The commotion started as soon as the upper house met, when Bharatiya Janata Party's Swamy, who raised the opposition's temper on Wednesday with certain references that were later expunged, was on his feet.

Swamy kept standing, which got the Congress members agitated. He made an oblique comment on the party leadership, to which the Congress protested. Minister of State for Parliamentary Affairs Mukhtar Abbas Naqvi then said it was wrong to stop any member from speaking.

File photo of Parliament building. PTI

File photo of Parliament building. PTI

Panama Papers

For the second day in a row, the controversial Panama papers found an echo in Parliament. While the issue was raised in the Rajya Sabha by the Samajwadi Party on Wednesday, the allegations were debated in Lok Sabha on Thursday by the JD(U).

Kaushalendra Kumar of the party asked the government to make public the names of Indians mentioned in it as it was a case of "tax evasion". Kumar also accused the RBI Governor of making "contradictory" comments on the matter, alleging that he had said some of the money had gone there as per RBI rules.

"I want to tell the government that it should take legal action against these people. Their names should be made public. It is not clear so far how much serious the government is," he said in the Zero Hour, drawing support from some opposition members.

Rohith Vemula

The issue of Dalit student Rohith Vemula's suicide was raised in Parliament in the context of a bill seeking to amend the list of Scheduled Castes in some parts of the country. The opposition, citing the case of Hyderabad student Rohith Vemula, accused the government of not being sincere in working for the interest of the Scheduled Castes. However, the opposition supported "with a sad heart", the government's bill.

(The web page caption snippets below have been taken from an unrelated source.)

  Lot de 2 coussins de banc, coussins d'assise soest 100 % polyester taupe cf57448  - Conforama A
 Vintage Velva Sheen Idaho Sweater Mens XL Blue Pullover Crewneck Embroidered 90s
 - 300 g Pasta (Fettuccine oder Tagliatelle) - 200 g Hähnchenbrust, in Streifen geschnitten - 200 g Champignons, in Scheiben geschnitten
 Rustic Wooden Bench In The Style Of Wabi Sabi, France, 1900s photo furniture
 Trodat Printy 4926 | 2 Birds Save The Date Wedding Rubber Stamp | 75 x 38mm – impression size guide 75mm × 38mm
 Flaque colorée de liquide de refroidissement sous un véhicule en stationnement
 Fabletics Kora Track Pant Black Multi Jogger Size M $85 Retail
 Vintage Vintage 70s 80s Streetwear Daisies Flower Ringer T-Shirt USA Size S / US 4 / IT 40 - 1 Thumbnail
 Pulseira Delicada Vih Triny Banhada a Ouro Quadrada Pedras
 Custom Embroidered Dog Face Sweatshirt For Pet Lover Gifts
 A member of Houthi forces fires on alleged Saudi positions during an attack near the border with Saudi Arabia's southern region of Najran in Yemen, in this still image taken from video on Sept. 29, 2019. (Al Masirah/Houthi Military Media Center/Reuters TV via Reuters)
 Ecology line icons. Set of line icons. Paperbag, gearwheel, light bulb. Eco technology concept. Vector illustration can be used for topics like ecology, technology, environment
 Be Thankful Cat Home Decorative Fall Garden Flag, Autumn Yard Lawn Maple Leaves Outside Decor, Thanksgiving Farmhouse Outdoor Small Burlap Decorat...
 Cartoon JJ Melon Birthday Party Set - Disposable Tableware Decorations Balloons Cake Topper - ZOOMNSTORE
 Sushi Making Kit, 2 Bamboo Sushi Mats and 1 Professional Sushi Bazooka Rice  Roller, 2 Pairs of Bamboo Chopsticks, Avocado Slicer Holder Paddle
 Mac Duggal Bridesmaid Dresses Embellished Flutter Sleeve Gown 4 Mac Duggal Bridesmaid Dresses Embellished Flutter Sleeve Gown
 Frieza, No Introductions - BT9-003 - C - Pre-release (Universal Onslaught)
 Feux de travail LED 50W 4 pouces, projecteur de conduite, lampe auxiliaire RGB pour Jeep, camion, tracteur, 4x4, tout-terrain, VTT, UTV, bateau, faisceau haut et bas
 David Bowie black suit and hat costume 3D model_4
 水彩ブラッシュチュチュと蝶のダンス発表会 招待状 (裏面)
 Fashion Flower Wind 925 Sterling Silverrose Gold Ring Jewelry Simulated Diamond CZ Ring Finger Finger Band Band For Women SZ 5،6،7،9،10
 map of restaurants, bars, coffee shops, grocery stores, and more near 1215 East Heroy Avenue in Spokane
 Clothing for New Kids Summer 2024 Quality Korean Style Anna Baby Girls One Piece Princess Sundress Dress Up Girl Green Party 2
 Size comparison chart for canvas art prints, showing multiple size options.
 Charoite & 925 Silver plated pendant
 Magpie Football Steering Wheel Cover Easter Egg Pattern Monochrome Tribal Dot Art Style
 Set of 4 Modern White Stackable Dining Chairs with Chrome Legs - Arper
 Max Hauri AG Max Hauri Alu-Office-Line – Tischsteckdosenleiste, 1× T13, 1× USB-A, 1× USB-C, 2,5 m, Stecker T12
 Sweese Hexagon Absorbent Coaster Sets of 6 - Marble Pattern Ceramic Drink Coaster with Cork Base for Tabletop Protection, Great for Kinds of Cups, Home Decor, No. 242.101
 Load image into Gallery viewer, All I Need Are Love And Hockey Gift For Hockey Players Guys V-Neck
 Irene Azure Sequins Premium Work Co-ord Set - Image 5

"I stand in support of the Bill with a sad heart," JD(U) leader KC Tyagi said as the The Constitution (Scheduled Castes) Order (Amendment) Bill, 2016, passed by the Lok Sabha, was taken up for discussion.

The proposed legislation seeks to amend the Constitution to include certain castes in the list of Scheduled Sastes (SC) in five states. It was earlier passed in the Lok Sabha. The bill includes certain castes like Sais, Aheria and Peruvannan, in the SC list of states like Chhattisgarh, Haryana, Kerala, Odisha and West Bengal.A

And meanwhile...

AAP leader Bhagwant Mann decided to take the lyrical route to criticising the BJP-led Central government. "Mr Prime Minister, at least speak about it during a foreign tour...Is this what you call achche din?" As Mann launched into an unexpected session of poetry, the Parliament proceedings came to life at the fag end of the day.

Earlier in the day, KC Tyagi poked fun at Rajya Sabha Deputy Chairman PJ Kurien over his pronunciation of names, saying, "aapne arth ka anarth bana diya." Tyagi pointed that Kurien pronounced Raj Babbar's name as 'Babur, ' and remarked that it could lead the BJP to cook up a storm. Will the BJP really latch on to the 'Babur' gaffe? We will know in the days to come.